Dieron por finiquitado a Pedro Sánchez. Enterraron a Jeremy Corbyn. Sus ideas, sus proyectos, incluso su sola presencia, fueron objeto de descalificaciones –cuando no de befas e insultos– por parte no sólo de la derecha mediática, sino de pretendidos compañeros de viaje. En plena crisis de la socialdemocracia, cuando ésta parecía haber perdido toda brújula de situación, y otros partidos emergentes se aprestaban a recoger los despojos, la resistencia socialdemócrata ha parado momentáneamente la sangría. Las claves son, aunque cueste creerlo, sumamente sencillas, por obvias. Pero también muchas veces arrinconadas; y son la defensa acérrima de la educación pública, de la sanidad pública, de los servicios sociales, en definitiva, de los resortes básicos del Estado de Bienestar. Todo ello junto a la noción básica, histórica, de que justicia y democracia deben ir unidas, constituyendo así un recordatorio –inspirado en John Rawls, un pensador liberal– que abona los preceptos revolucionarios de libertad, igualdad y fraternidad.
En los últimos tiempos hemos escuchado voces que trataban de auscultar las causas de las pérdidas electorales socialistas en Grecia, Alemania, Francia y España. Sesudos analistas trasladaban un mantra a las cúpulas dirigentes: no se ha sabido conectar con la gente, a la que hay que hablar de nuevos retos, de nuevas propuestas, de nuevos lenguajes y correas de transmisión de los mismos –redes sociales, televisiones–, cosa que sí han sabido hacer otras fuerzas progresistas. El bucle negativo de las derrotas electorales se ha ido alimentando, así, de más argumentos circulares: no hablemos de las conquistas alcanzadas en la sanidad pública, en la educación pública, en los servicios sociales, toda vez que esto ya se tiene, ya se supone, ya está aprehendido. Los jóvenes, por ejemplo, han conocido estas bases del bienestar desde siempre; deben buscarse otros horizontes. Esta tesis ha impregnado las direcciones de los partidos socialdemócratas que, además, llevaban ya años abducidos por las ideas neoliberales, que atravesaban en diagonal y de arriba abajo el grueso de los programas económicos y, lo que me parece más importante, la manera de pensar de los dirigentes y de sus cuadros.

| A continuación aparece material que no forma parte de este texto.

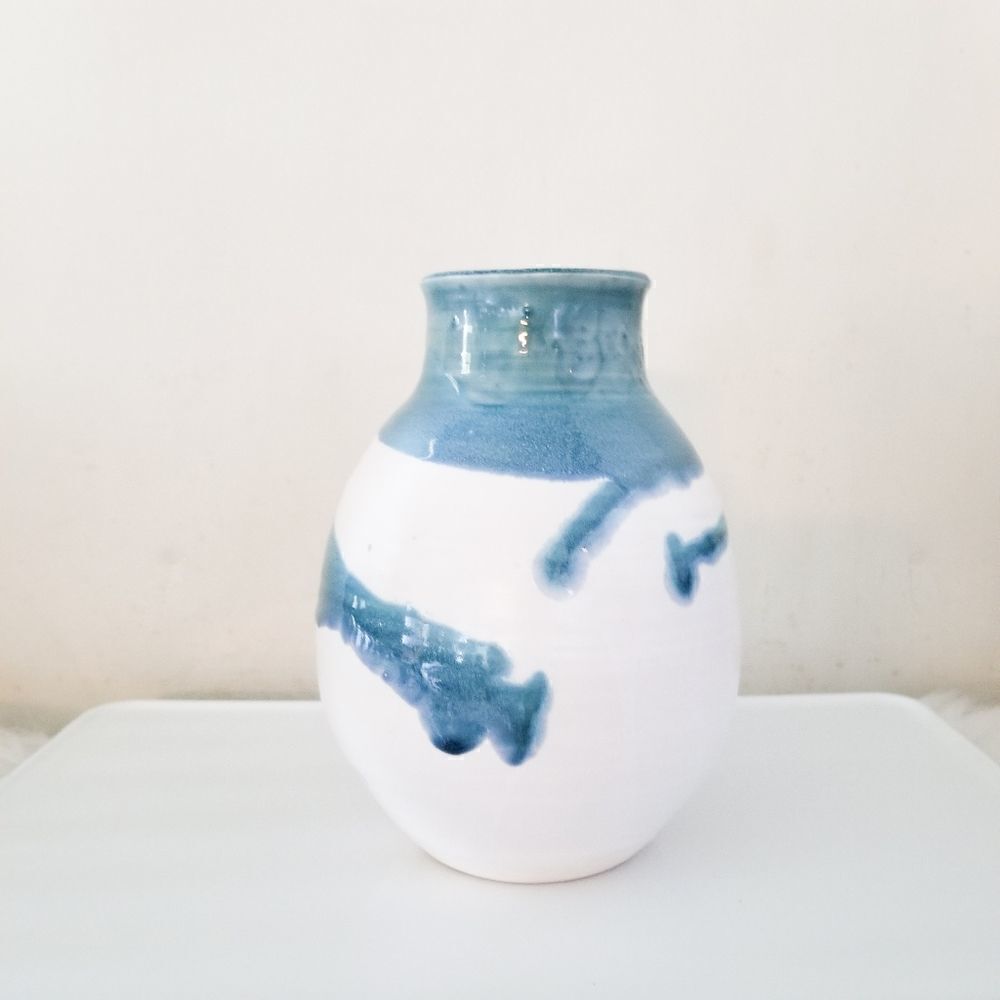 Vintage prispot porcelain drip glass vase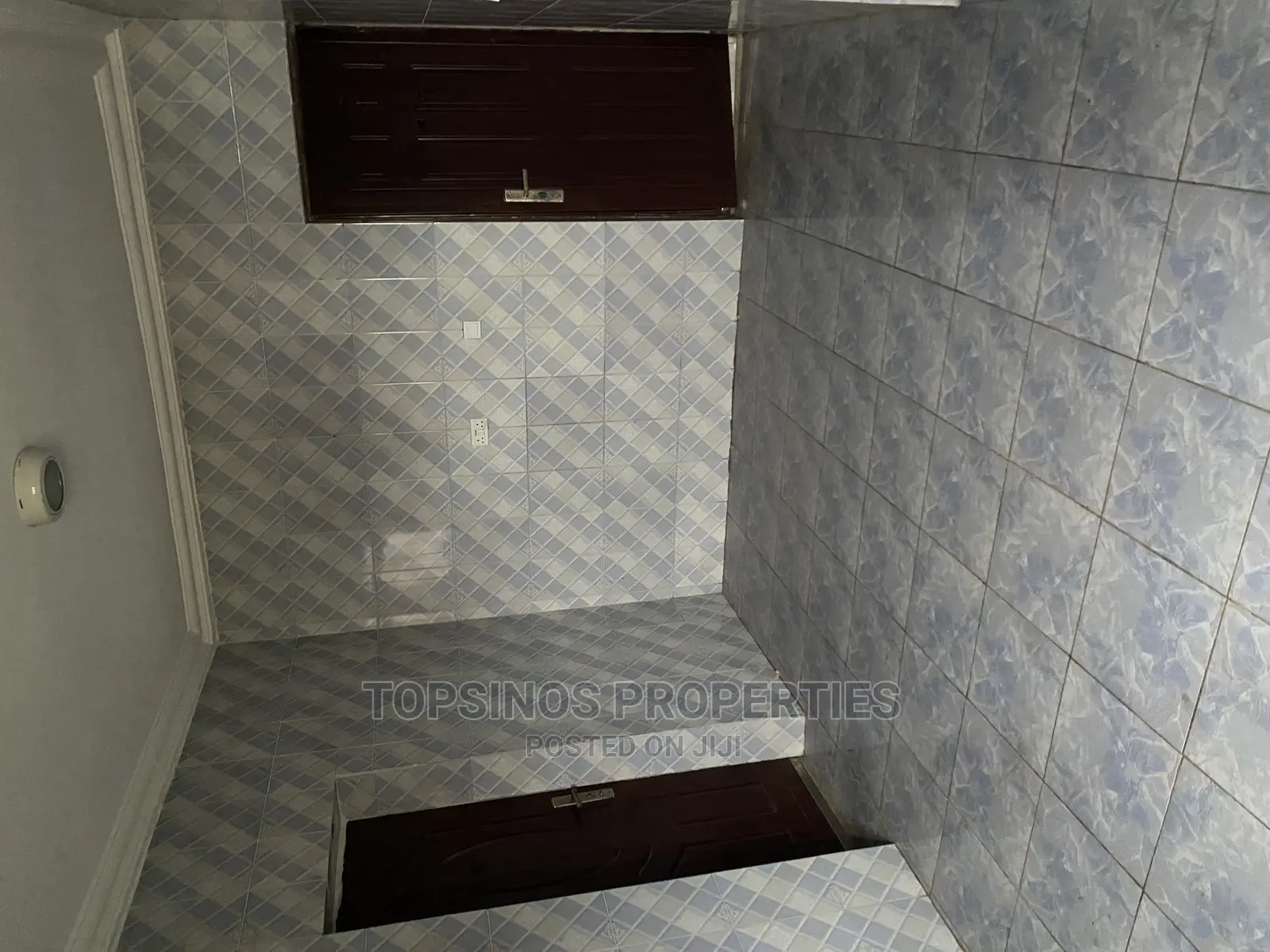 3bdrm Block of Flats in Dawaki for rent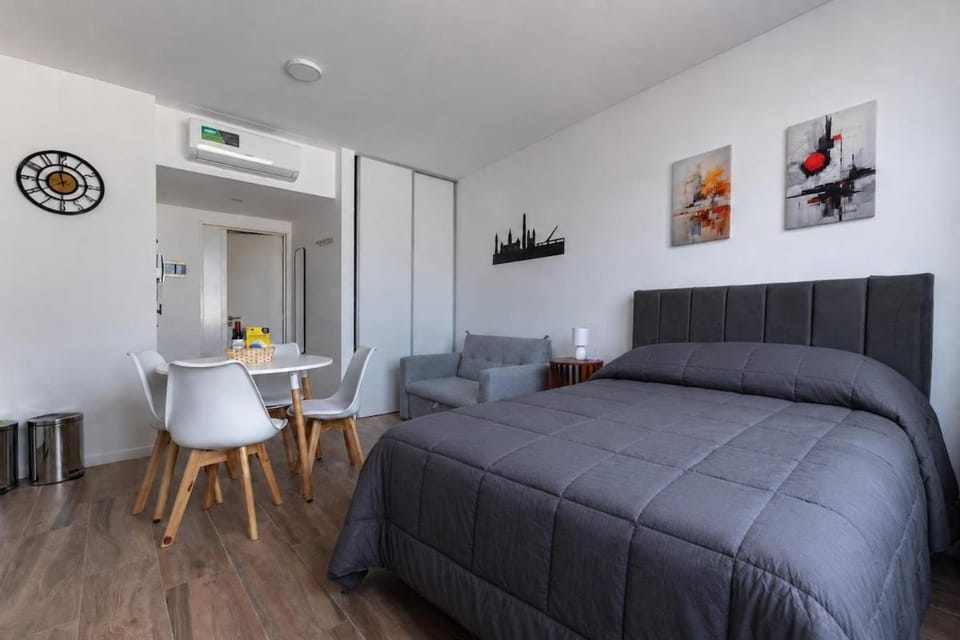 Bed, Living room, Photo of the whole room, Bedroom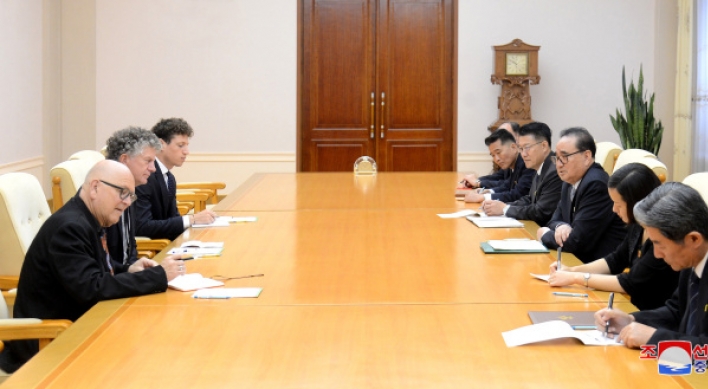 S. Korea's nuke envoy meets British delegation over N. Korea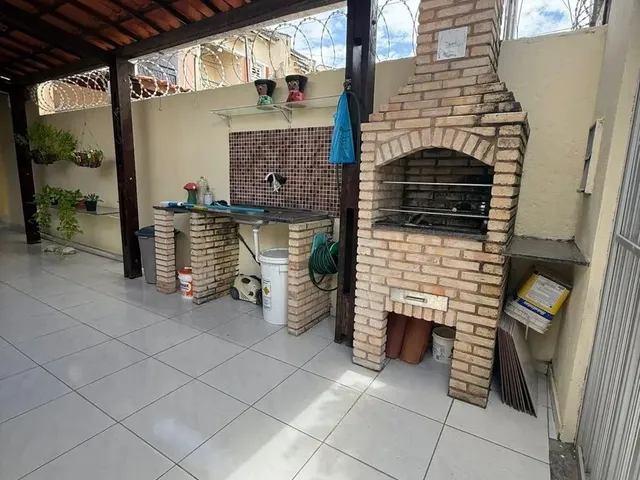 Imagem 3: Vende de Casa Enorme com 3 Quantos 2 Garagem na Lagoa Redonda - Mais Informações
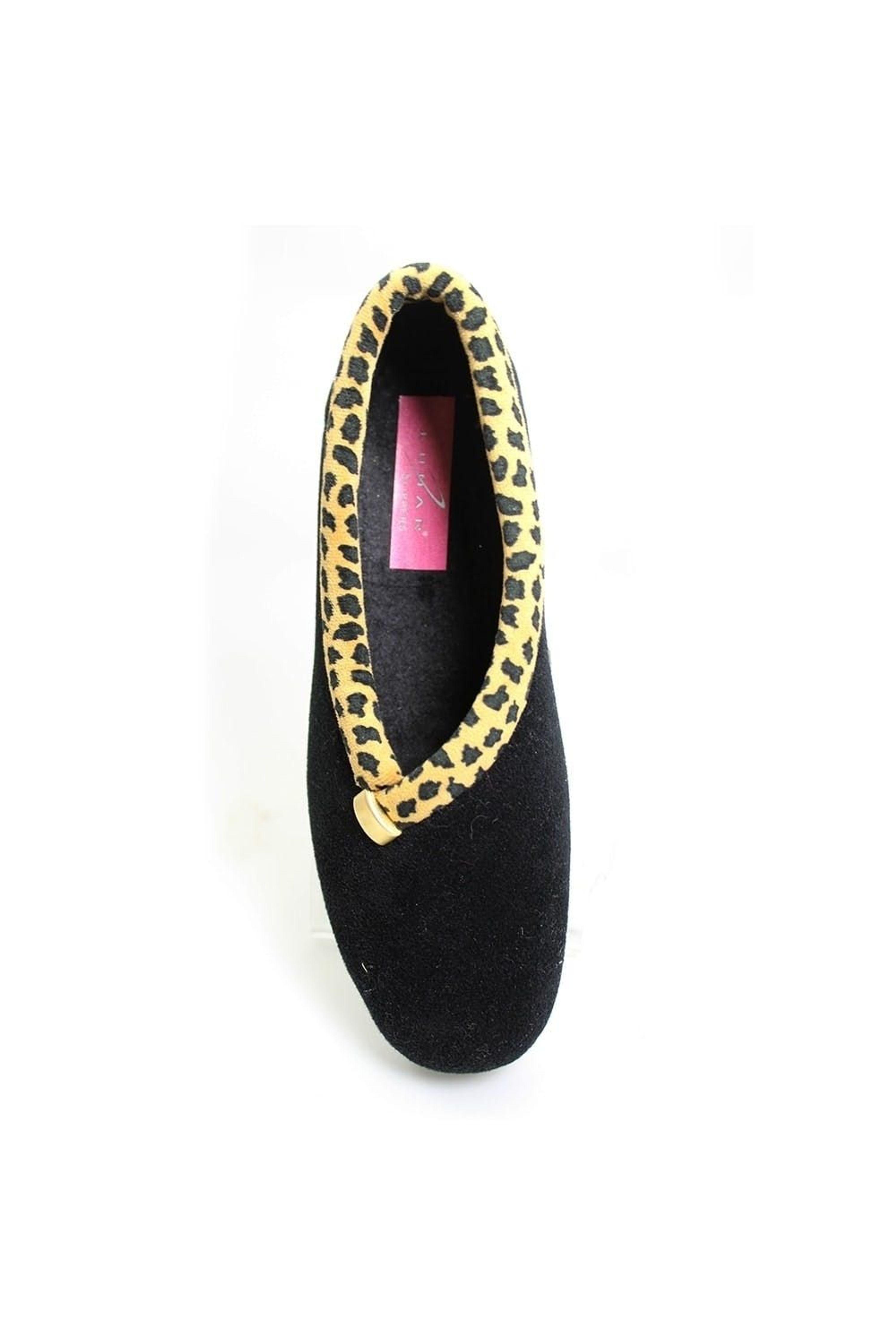 Lunar Paloma Leopard Print Slippers in Black | Lyst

Todo ello ha supuesto pérdidas históricas. Una de las más importantes, la del lenguaje. Éste es mucho más importante de lo que a veces se cree, tal y como han demostrado los estudios históricos de Gareth Stedman Jones, Eric Hobsbawm y Edward Thompson; o los lingüísticos de Noam Chomsky. El medio no siempre lo es todo. Lo que se comunica es central. Y aquí la socialdemocracia había perdido “su” lenguaje histórico, resistente, reivindicativo. La socialdemocracia que erigió las grandes columnas del Estado del Bienestar olvidaba esas referencias, porque ya se tenían, sin apreciar suficientemente que los flecos de la ideología neoliberal con la que se había contagiado perseguía, justamente, un fin diametralmente opuesto: privatizar los servicios públicos y hacer entrar el mercado, puro y duro, en las necesidades sociales básicas. De ahí que sea importante volver a los orígenes, a los fundamentos del socialismo democrático, a los gérmenes esenciales de la socialdemocracia. Sánchez y Corbyn, con sus errores y contradicciones, han sabido recuperar de nuevo esos activos, que parecían ya consolidados y, por tanto, intocables. Han tenido la perspicacia de advertir que ese bienestar alcanzado por décadas de sacrificios y de luchas populares y sindicales, están en peligro. Y que urge construir diques de contención, aderezados con el lenguaje de clase histórico, el que parecía perdido o se había transformado en un mero folclorismo de una izquierda tras la pancarta. La izquierda socialdemócrata, la de siempre, ha revelado que tiene razones y fuerza para subvertir los designios de los grupos de presión. Preservar con intensidad lo que se ha conseguido, sin olvidar la historia durísima que ha representado alcanzarlo, y trabajar con los envites del futuro (cambio climático, transición energética, igualdad de género, robótica, nanotecnología, entre otros) debieran ser las partes sustanciales que unan el pasado –que no debe relegarse– y el futuro –que no se ha de evitar–. Quizás haya llegado ya, en Europa, la hora de esta histórica –que no nueva– socialdemocracia.